> [Work to be completed] Images do not belong in the copy. Retype the entries exactly.

> [Dataset records]
--

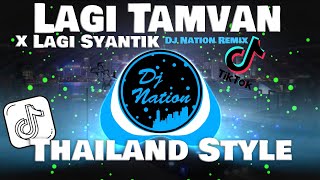 Download lagu DJ LAGI TAMVAN x LAGI SYANTIK THAILAND REMIX TIK TOK VIRAL ( DJ Nation Remix ) mp3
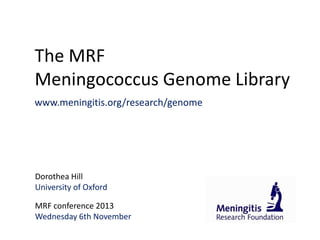 The MRF
Meningococcus Genome Library
www.meningitis.org/research/genome

Dorothea Hill
University of Oxford
MRF conference 2013
Wednesday 6th November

--

> [Output of the task]
 Download lagu DJ LAGI TAMVAN x LAGI SYANTIK THAILAND REMIX TIK TOK VIRAL ( DJ Nation Remix ) mp3
 The MRF
Meningococcus Genome Library
www.meningitis.org/research/genome

Dorothea Hill
University of Oxford
MRF conference 2013
Wednesday 6th November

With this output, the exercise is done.